### [Exercise material]
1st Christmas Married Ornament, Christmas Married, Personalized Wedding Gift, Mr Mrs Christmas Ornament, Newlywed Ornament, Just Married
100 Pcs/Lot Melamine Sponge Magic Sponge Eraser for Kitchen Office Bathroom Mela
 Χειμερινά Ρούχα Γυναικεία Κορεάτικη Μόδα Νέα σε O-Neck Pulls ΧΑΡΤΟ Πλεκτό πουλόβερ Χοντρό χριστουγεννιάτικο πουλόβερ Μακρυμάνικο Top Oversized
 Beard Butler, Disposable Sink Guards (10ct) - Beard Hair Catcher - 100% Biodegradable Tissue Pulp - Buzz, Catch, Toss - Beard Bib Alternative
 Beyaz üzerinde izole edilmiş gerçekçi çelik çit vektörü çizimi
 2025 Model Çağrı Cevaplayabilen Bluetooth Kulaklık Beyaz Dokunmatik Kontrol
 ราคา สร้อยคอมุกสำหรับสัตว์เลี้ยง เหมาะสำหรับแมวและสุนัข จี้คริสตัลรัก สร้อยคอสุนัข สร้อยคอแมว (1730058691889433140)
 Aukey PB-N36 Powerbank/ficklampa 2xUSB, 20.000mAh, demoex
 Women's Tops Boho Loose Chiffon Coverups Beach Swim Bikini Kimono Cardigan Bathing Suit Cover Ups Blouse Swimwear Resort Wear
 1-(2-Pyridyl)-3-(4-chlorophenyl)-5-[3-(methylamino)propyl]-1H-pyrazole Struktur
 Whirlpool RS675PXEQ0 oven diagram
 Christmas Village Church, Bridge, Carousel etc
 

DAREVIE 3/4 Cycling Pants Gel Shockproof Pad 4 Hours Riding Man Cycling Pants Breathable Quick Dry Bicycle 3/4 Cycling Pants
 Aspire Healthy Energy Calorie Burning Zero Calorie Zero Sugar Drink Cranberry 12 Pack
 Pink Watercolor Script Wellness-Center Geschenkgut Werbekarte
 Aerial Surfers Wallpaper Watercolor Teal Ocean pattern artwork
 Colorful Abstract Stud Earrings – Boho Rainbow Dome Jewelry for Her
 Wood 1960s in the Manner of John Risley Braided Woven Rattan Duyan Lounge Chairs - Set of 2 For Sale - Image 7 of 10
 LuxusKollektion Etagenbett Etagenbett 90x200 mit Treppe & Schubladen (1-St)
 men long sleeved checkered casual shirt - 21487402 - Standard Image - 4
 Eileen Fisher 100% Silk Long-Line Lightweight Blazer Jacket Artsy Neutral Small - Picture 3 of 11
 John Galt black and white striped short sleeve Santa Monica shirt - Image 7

### [How to complete this task]
Exact reproduction of the listing above is required.

### [Task solution]
1st Christmas Married Ornament, Christmas Married, Personalized Wedding Gift, Mr Mrs Christmas Ornament, Newlywed Ornament, Just Married
100 Pcs/Lot Melamine Sponge Magic Sponge Eraser for Kitchen Office Bathroom Mela
 Χειμερινά Ρούχα Γυναικεία Κορεάτικη Μόδα Νέα σε O-Neck Pulls ΧΑΡΤΟ Πλεκτό πουλόβερ Χοντρό χριστουγεννιάτικο πουλόβερ Μακρυμάνικο Top Oversized
 Beard Butler, Disposable Sink Guards (10ct) - Beard Hair Catcher - 100% Biodegradable Tissue Pulp - Buzz, Catch, Toss - Beard Bib Alternative
 Beyaz üzerinde izole edilmiş gerçekçi çelik çit vektörü çizimi
 2025 Model Çağrı Cevaplayabilen Bluetooth Kulaklık Beyaz Dokunmatik Kontrol
 ราคา สร้อยคอมุกสำหรับสัตว์เลี้ยง เหมาะสำหรับแมวและสุนัข จี้คริสตัลรัก สร้อยคอสุนัข สร้อยคอแมว (1730058691889433140)
 Aukey PB-N36 Powerbank/ficklampa 2xUSB, 20.000mAh, demoex
 Women's Tops Boho Loose Chiffon Coverups Beach Swim Bikini Kimono Cardigan Bathing Suit Cover Ups Blouse Swimwear Resort Wear
 1-(2-Pyridyl)-3-(4-chlorophenyl)-5-[3-(methylamino)propyl]-1H-pyrazole Struktur
 Whirlpool RS675PXEQ0 oven diagram
 Christmas Village Church, Bridge, Carousel etc
 

DAREVIE 3/4 Cycling Pants Gel Shockproof Pad 4 Hours Riding Man Cycling Pants Breathable Quick Dry Bicycle 3/4 Cycling Pants
 Aspire Healthy Energy Calorie Burning Zero Calorie Zero Sugar Drink Cranberry 12 Pack
 Pink Watercolor Script Wellness-Center Geschenkgut Werbekarte
 Aerial Surfers Wallpaper Watercolor Teal Ocean pattern artwork
 Colorful Abstract Stud Earrings – Boho Rainbow Dome Jewelry for Her
 Wood 1960s in the Manner of John Risley Braided Woven Rattan Duyan Lounge Chairs - Set of 2 For Sale - Image 7 of 10
 LuxusKollektion Etagenbett Etagenbett 90x200 mit Treppe & Schubladen (1-St)
 men long sleeved checkered casual shirt - 21487402 - Standard Image - 4
 Eileen Fisher 100% Silk Long-Line Lightweight Blazer Jacket Artsy Neutral Small - Picture 3 of 11
 John Galt black and white striped short sleeve Santa Monica shirt - Image 7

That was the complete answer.